EXERCISE PROMPT :: Wherever a line below holds the word "Toyota", copy that line.

MATERIAL FOR THIS EXERCISE ::
Content starts

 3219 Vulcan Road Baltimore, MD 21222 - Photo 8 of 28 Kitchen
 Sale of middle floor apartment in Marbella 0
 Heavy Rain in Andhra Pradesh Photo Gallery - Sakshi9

Content ends
Content starts

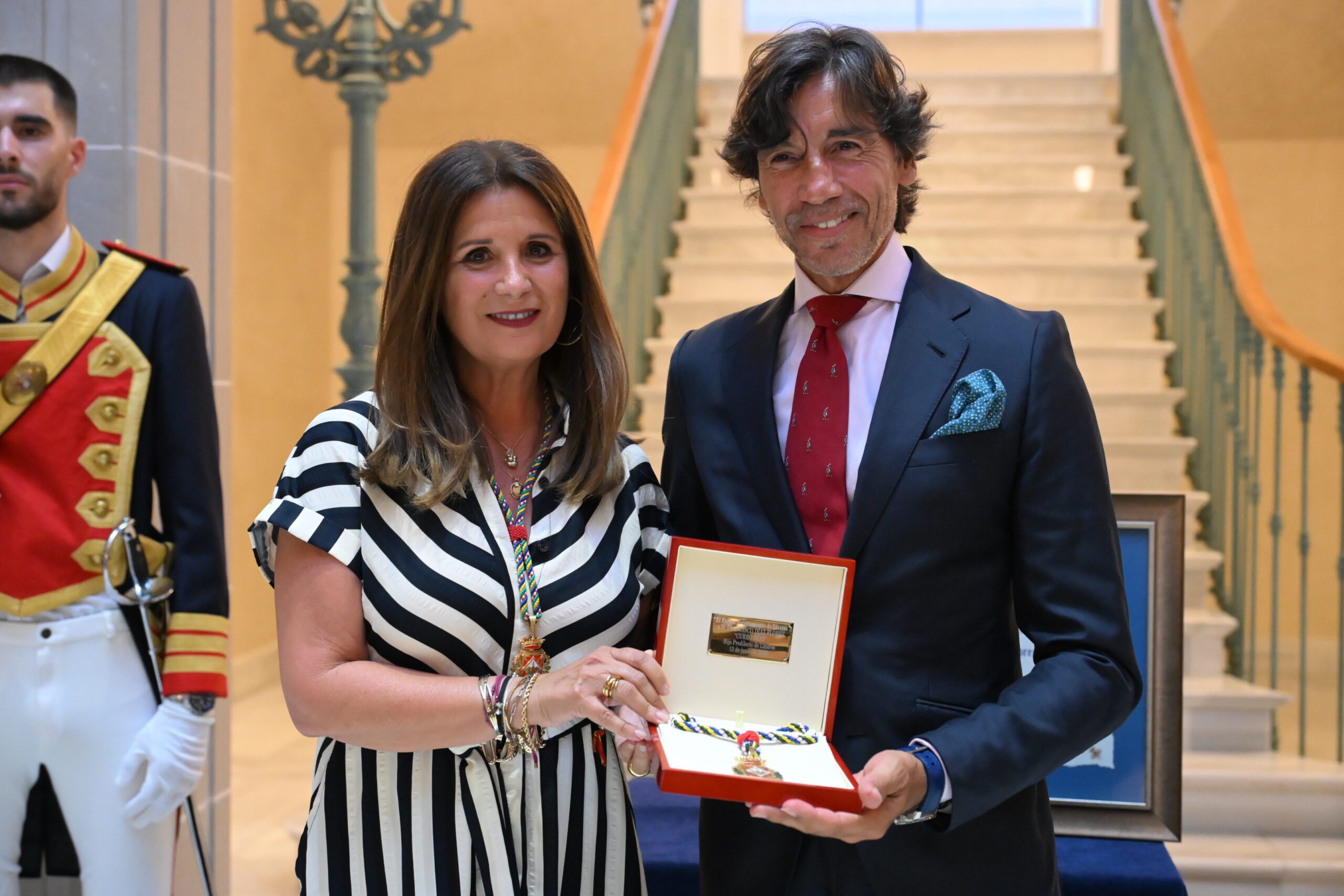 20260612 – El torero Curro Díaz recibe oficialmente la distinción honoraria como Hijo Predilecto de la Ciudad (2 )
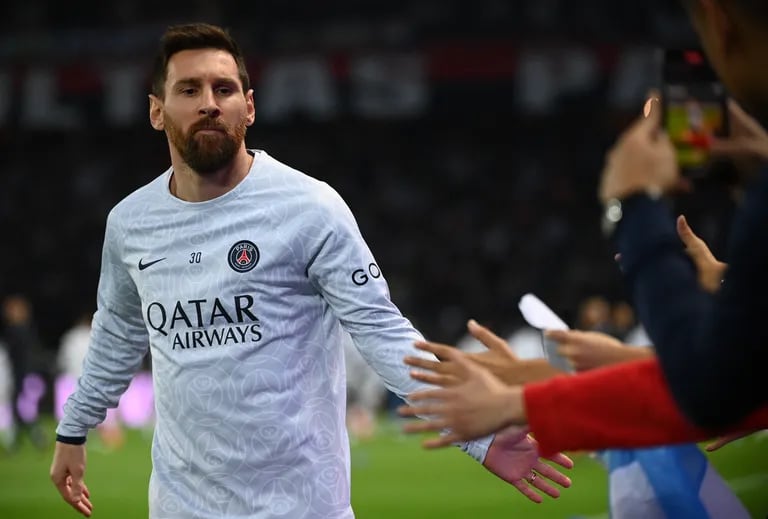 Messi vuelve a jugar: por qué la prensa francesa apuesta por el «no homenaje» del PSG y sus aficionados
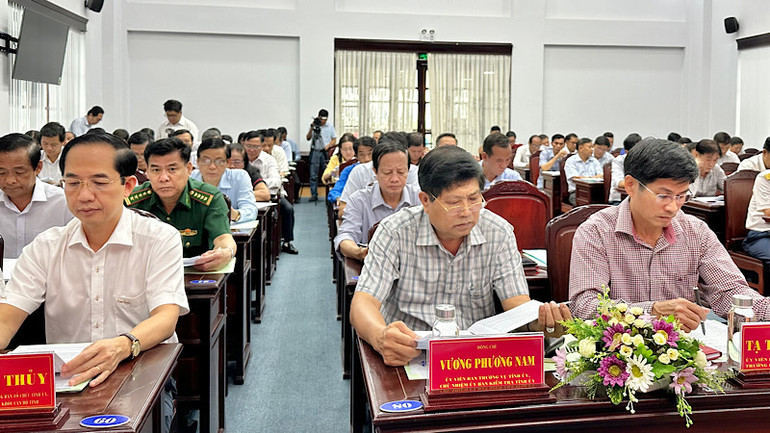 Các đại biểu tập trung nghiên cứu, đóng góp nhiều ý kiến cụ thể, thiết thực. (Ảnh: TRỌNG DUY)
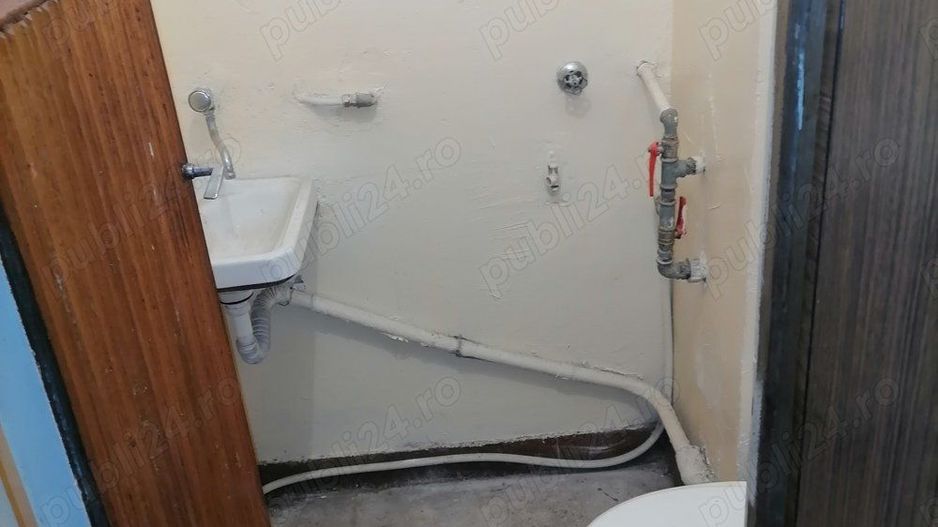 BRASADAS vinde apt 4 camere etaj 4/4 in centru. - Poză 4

Content ends
Content starts

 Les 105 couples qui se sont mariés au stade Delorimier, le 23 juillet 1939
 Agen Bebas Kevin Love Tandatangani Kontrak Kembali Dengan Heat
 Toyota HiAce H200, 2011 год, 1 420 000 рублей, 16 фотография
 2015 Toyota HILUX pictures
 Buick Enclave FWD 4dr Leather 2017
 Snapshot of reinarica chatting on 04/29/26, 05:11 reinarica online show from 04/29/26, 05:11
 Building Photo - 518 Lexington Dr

Content ends

RESPONSE TO THE EXERCISE ::
 Toyota HiAce H200, 2011 год, 1 420 000 рублей, 16 фотография
 2015 Toyota HILUX pictures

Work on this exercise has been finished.